The two seminars will consider the place of creative engagement in eco-aware writing, asking why facts alone aren’t enough to incite change around environmental issues and exploring the kinds of narrative techniques or formal strategies that writers might use. Miles (2010) speculates that contemporary art dealing with climate change has a capacity to contribute to a shift in consciousness and is likely to be conducive to a more sustainable way of living. Although science may be viewed as a process of discovery, the arts serve as another mode to acquire and interpret knowledge of the world. Different perspectives can help people realize that we are all engaged in a search for understanding the world around us. Scheffer et al. (2015) suggest that a greater alliance with artists and integration with arts education in terms of ways of ‘learning to learn’ could even help stimulate scientific innovation by valuing associative and (seemingly) divergent thinking.
The seminars will take place via Zoom. Registration will be open on Eventbrite from September.

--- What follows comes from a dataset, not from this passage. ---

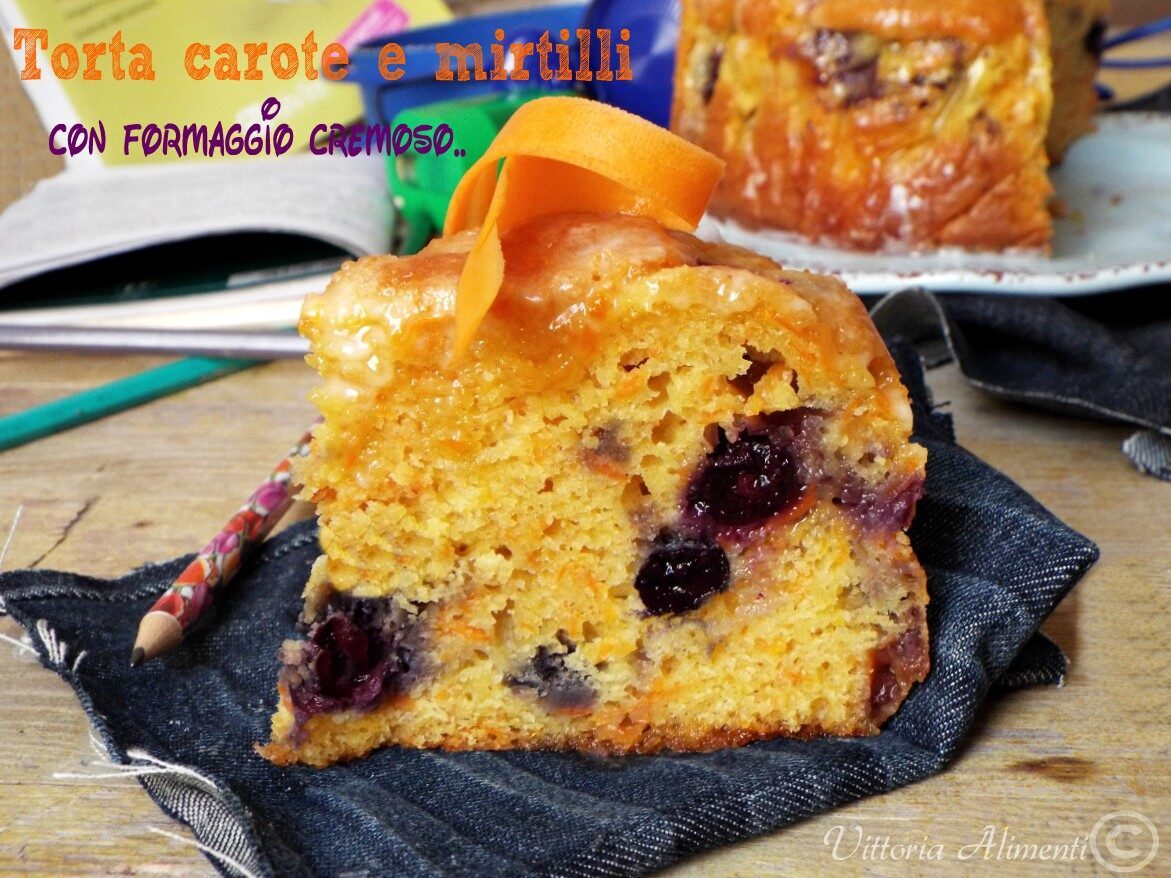 Torta di carote e mirtilli con formaggio cremoso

Seminar one Tuesday 21st September - Book here.
5.30 pm – 6.30 pm
Imagination and the Natural World - writers, writing and perception
How do contemporary writers who think about the environment begin to recognise their own approaches and tropes as symbolically linked to that environment? How might forms of writing begin to create new ways of composing the natural world? Could the imaginative act, played out in fiction, poetry or hybrid works, stoke or hone habits of attention which lead to possible new perceptions? Perhaps it is when least didactic or informative that work which rests on metaphor, symbol or experimental strategies is most likely to capture or convey something real and sustainable? This panel will explore how writing itself is intrinsically an act of political dissent in our present moment.
Speakers: Sarah Butler, Lecturer in Creative Writing, MMU; Zoe Brigley Thompson, Visiting Assistant Professor at Ohio State University; Kristian Evans, poet, nonfiction writer, and environmental activist; Chair: Sally O'Reilly, Senior Lecturer in Creative Writing, The Open University.
Seminar two Tuesday October 5th 5.30 pm – 7.00 pm - Book here.
Round table discussion
Rajat Chaudhuri, author, activist, NGO adviser; Liese Coulter, Visiting Researcher, Sustainability Research Institute, University of Leeds; Tanya Hawkes, author and environmentalist; James Miller, Senior Lecturer in Creative Writing and English Literature at Kingston University; Stephen Peake, Professor of Climate Change and Energy, The Open University; Harriet Tarlo, Professor of Ecopoetry and Poetics, Sheffield Hallam University.
Academics and practising writers engaged with climate change and creativity in different ways will talk about their research and/or creative practice, and take part in a discussion on ways to communicate climate crisis messages to wider audiences using storytelling and narrative.